Er sammelt Aufnahmen von Dialektsprechern und erforscht die Entwicklung der Sprache im Rheinland. Von Jahr zu Jahr wertvoller werden die O-Töne der Dialektsprecher deshalb, weil es kaum noch echte Dialektsprecher gibt: Kinder lernen heute im Elternhaus kein Platt mehr, ihre Eltern können es in der Regel selbst nicht mehr sprechen. Manche verstehen vielleicht noch ein paar Wörter oder Sätze, können sich aber nicht mit anderen auf Platt unterhalten. Mundart-Kreise, in denen auf Platt vorgelesen wird, bilden kein natürliches Sprechverhalten ab. Mit den Dialektsprechern stirbt auch der Dialekt aus. Das macht solch eine Aufnahme so wertvoll für die Sprachwissenschaftler.
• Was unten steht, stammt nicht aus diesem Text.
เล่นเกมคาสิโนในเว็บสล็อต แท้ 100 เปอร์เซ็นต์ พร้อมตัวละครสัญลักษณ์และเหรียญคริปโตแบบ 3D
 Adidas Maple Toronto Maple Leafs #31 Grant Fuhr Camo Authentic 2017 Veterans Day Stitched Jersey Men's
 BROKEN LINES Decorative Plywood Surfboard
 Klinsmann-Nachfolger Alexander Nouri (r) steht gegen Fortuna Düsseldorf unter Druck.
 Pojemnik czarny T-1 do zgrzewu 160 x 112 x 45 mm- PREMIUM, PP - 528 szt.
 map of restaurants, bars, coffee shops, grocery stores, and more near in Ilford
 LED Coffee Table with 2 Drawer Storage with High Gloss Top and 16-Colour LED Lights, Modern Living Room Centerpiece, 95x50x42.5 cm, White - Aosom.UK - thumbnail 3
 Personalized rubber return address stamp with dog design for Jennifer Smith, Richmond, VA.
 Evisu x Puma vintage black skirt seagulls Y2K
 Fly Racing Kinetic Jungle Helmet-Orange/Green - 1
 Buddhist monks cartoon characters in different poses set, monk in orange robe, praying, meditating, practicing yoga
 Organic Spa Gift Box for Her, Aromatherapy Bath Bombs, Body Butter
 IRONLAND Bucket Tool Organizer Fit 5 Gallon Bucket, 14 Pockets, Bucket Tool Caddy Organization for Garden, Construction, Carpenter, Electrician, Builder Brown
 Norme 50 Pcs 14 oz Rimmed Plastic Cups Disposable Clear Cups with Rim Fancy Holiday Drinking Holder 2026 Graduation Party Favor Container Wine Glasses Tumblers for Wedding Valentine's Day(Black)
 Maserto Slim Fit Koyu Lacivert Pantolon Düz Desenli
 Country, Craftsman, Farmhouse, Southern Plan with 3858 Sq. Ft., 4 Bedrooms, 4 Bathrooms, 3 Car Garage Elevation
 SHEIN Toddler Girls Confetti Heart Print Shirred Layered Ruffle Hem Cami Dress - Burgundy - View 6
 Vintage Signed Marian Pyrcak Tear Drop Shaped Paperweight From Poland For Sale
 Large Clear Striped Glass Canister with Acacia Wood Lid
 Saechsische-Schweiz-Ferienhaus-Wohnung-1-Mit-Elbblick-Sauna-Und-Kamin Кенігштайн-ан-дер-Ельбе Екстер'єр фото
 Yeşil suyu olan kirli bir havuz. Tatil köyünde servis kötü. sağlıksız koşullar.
Angestoßen hat die Aufnahme die Bürgerstiftung Lüttelforst. Der Vorsitzende der Bürgerstiftung, Jan Reiners, zeichnete die Erzählungen Büttgenbach-Kremers auf. Schon immer sei es ihm ein Anliegen gewesen, das Lüttelforster Platt festzuhalten für nachfolgende Generationen, sagt Reiners: "Die Sprache stirbt aus, aber man sollte zumindest Dokumente darüber besitzen."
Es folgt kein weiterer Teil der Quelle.